Ascencia Limited (‘Ascencia’ or the ‘Company’) is presently listed on the Official List of The Stock Exchange of Mauritius Ltd (SEM). The Company is also a public interest entity and is required to apply the eight principles of The National Code of Corporate Governance for Mauritius (2016) (the ‘Code’).
The timing of this Corporate Governance report coincides with the ongoing COVID-19 pandemic and you will have read in the leadership review report about the actions taken by the Company to withstand this crisis.
The Board’s collective values, experience and diversity have been crucial during these challenging times to guide the business through the crisis and beyond. Recognising the scale of the impact of COVID-19 and the ongoing significant levels of uncertainty, the Board had examined the fundamentals of the way Ascencia operates, challenged its assumptions and tested its beliefs, to find its optimum structure for the long term.
This year, besides it’s normal agenda, the Board focused on the following key matters:
*Disclosures under Principle 1 of the Code and available on www.ascenciamalls.com
Foresite Property Holding Ltd and ENL Property Ltd together hold 61% of the shareholding and voting rights of Ascencia. Further to an agreement between Foresite Property Holding Ltd and ENL Property Ltd;
The Board of Ascencia assumes responsibility for leading and controlling the organisation and meeting all legal and regulatory requirements.
As at 30 June 2021, Ascencia is headed by a unitary Board comprising of 12 directors, under the chairmanship of Mr. Philippe Espitalier-Noël, a non-executive director. The composition of the Board and the category of directors are set out on page 68 of the Annual Report. Furthermore, as at 30 June 2021, there were two Executive Directors, four Non-Executive Directors (‘NED’) and five Independent Non-Executive Directors (‘INED’). As from 13 July 2021, the directorship status of Mr. Dominique Galea switched from INED to NED since he has served for more than nine continuous years from the date of his first appointment to the Board of the company. The Company presently has no employee. It has retained the services of Rogers and Company Limited (‘Rogers’) as Fund Manager and EnAtt Ltd, as Property and Asset Manager of the Company.
On 15 December 2020, Mrs. Belinda Vacher replaced Mr. Damien Mamet to fulfil the role of the representative of the Fund Manager of the Company. The Chief Executive Officer of the Company, namely Mr. Frederic Tyack, although not employed by the Company, has executive responsibilities since he oversees the day-to-day management of Ascencia. The function and role of the Chairman and that of the Chief Executive Officer are separate.
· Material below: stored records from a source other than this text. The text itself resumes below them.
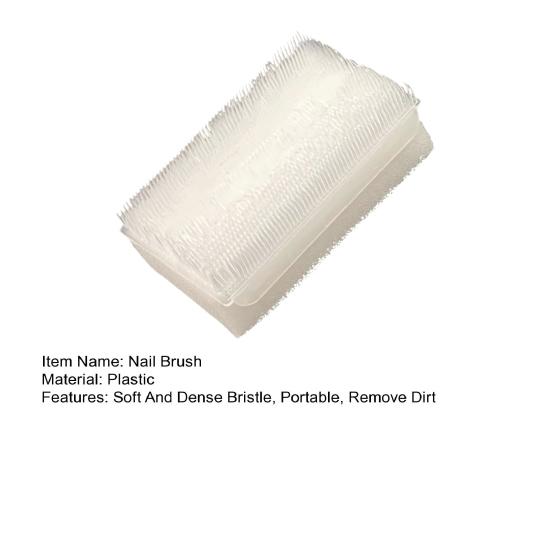 Одноразовая щетка для ногтей. Стерильный хирургический очищающий скраб. Мягкая и плотная щетина. Портативная кисть для удаления грязи и чистки пальцев. Салон Спа-маникюр. Щетка для педикюра.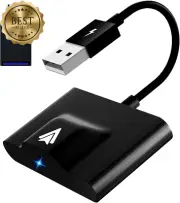 Android Auto Wireless Adapter Plug & Play Car Dongle, 5GHz WiFi, Easy Install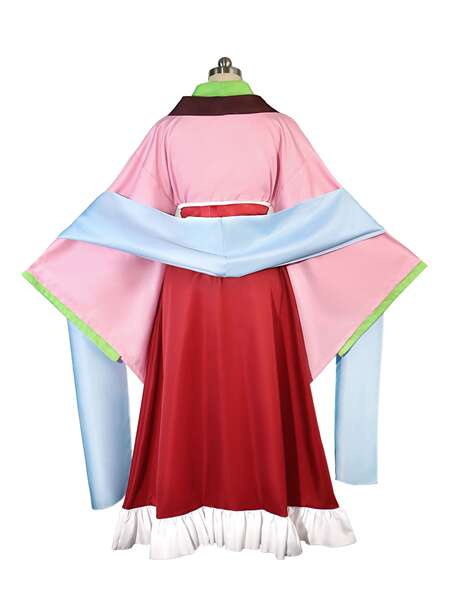 Vestido de Cosplay Gatinha Farmacêutica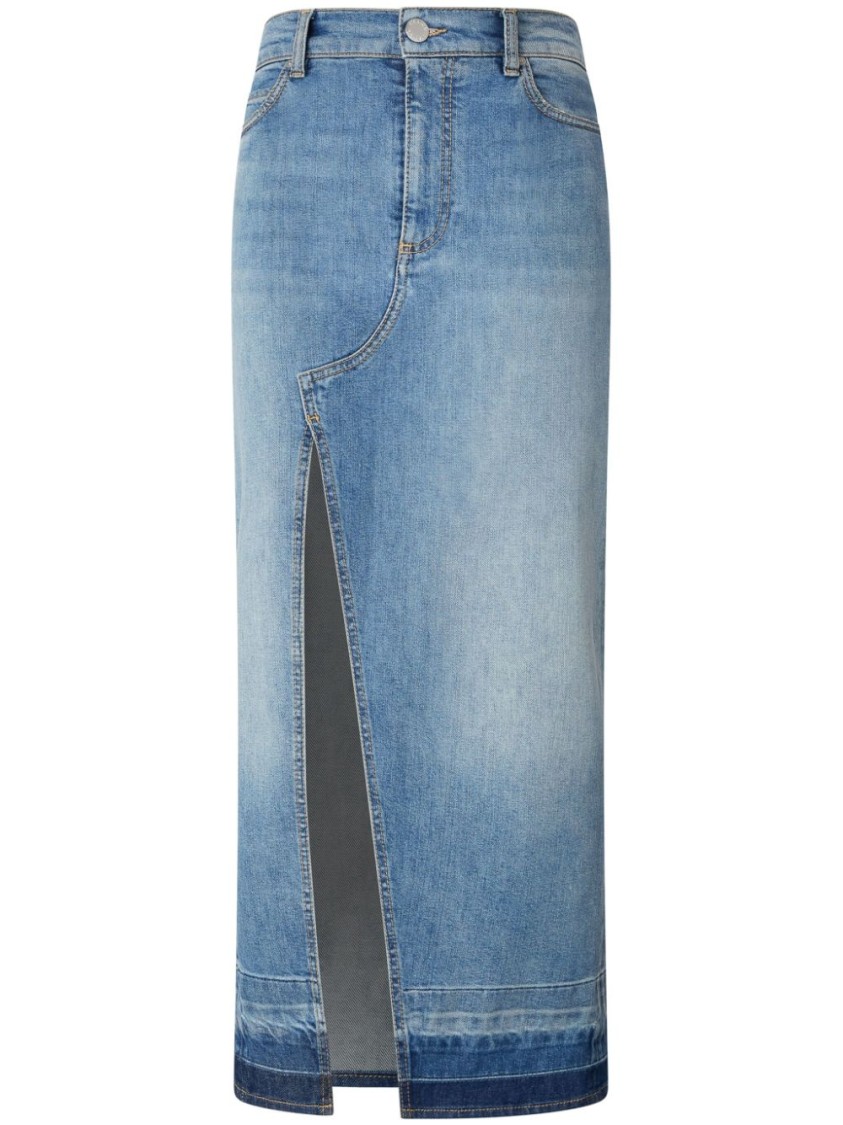 Shop Pinko Il Cairo Skirt In Blue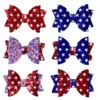 Wholesale Cartoon American Independence Day Hair Clip Star Bow Hair Accessories Festival Hair Clip Girl Hair Accessories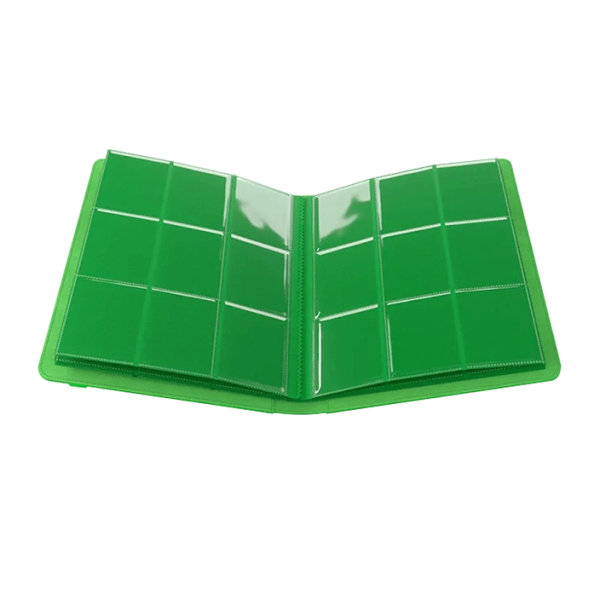 Gamegenic: Prime 18-Pocket Албум за карти A4 - Зелен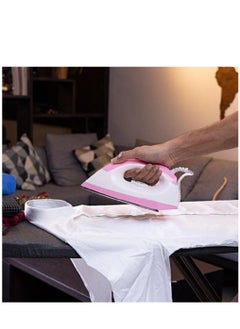 REFURA 1200W Dry Iron for Perfectly Crisp Ironed Clothes | Non-Stick Coating Plate & Adjustable Thermostat Control | Indicator Light with ABS Material RE-125  - Image 5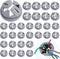 30pcs 3/8 Inch Non-Metallic Button Push-in Cable Connectors? Fits for 1/2 Inch Knockouts (30)...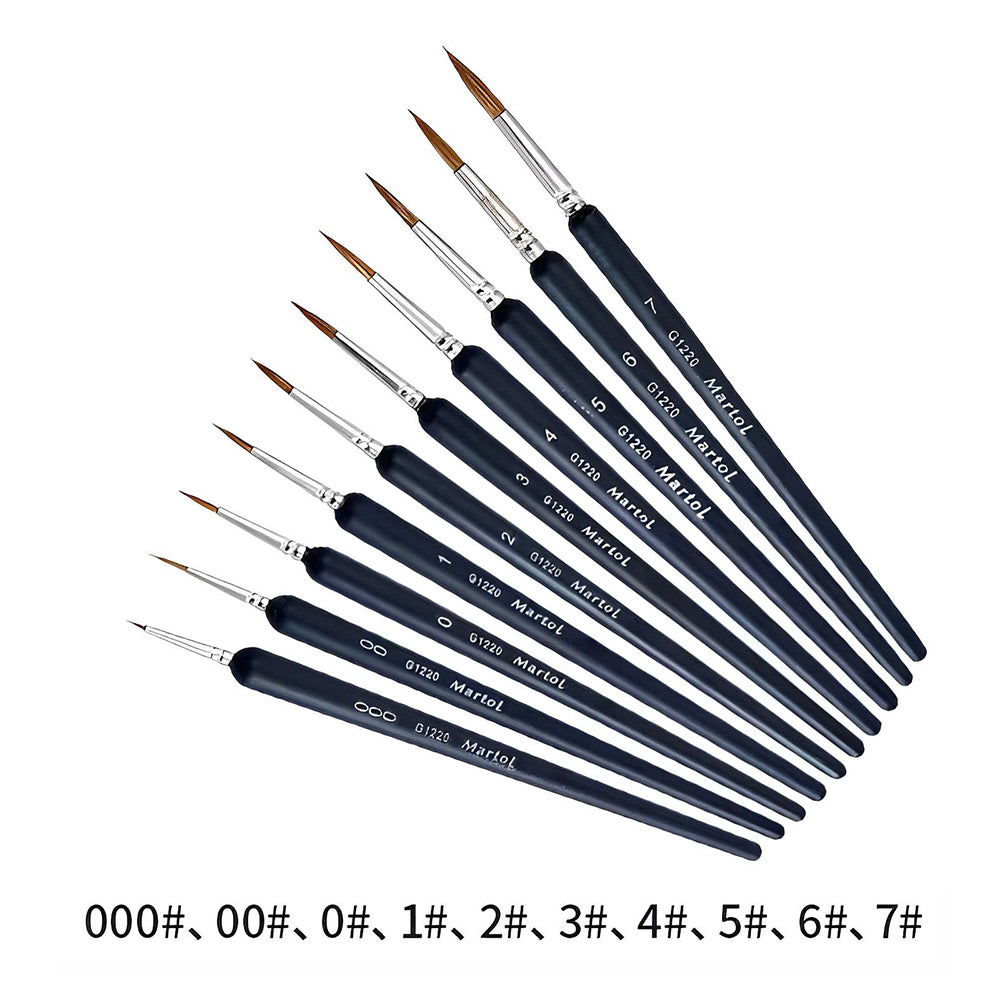 Professional Brush Set for Paint by Numbers - Different Sizes and Shapes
Cognitive diversity is important for good decision making, and the Nomination Committee pays particular attention to this consideration in its annual review of the Board composition and succession planning. Diversity is a key consideration in considering potential INED candidates. The nomination process and appointment of directors is posted on: www.ascenciamalls.com.
During the year under review and upon the recommendation of the Nomination Committee, the Board approved the appointment of Mr. Bojrazsingh Boyramboli to fill a casual vacancy left by Mr. Ashis Kumar Hoolas.
At the time of approving this report and upon the recommendation of the Nomination Committee, the Board approved the appointment of Dr Dhanandjay Kawol to fill a casual vacancy left by Mr. Bojrazsingh Boyramboli.
A directors’ and officers’ liability insurance policy has been subscribed to and renewed by Ascencia. The policy provides cover for the risks arising out of the acts or omissions of the Directors and Officers of Ascencia. The cover does not provide insurance against fraudulent, malicious or wilful acts or omissions.
Upon appointment to the Board and/or its committees, new directors receive a letter of appointment as well as a comprehensive induction pack explaining:
• Background information about the Company
• Role and responsibilities of a director
• Attributes of an effective Board
• Calendar of Board and Committee meetings
• Governance documents, policies and procedures
• Committees’ terms of reference
• Share dealing Code
Director's Induction - Mr. Shreekantsingh (Antish) Bissessur's comment
"My induction has been well tailored and professionally organised. It has enabled me to quickly develop my knowledge of all the relevant parts of the business of Ascencia."
Secretary's comment
"The Director’s induction was tailored to his role as a non-executive Director of a public limited company, listed on the Stock Exchange of Mauritius Ltd. The programme was designed to cover all regulatory and compliance aspects, in addition to ensuring the Director gained sufficient knowledge and understanding of the business to effectively participate in the Board discussions and oversight of the Company."
The induction programme and orientation process is supervised by the CEO and the Secretary of Ascencia. All Directors have access to the Secretary and to the CEO or the Fund Manager to discuss issues or to obtain information on specific areas or items to be considered. Furthermore, the Directors have access to the records of the Company and they have the right to request independent professional advice at the expense of the Company. The Board and its Committees also have the authority to secure the attendance at meetings of third parties with relevant experience and expertise as and when required, at the expense of the Company.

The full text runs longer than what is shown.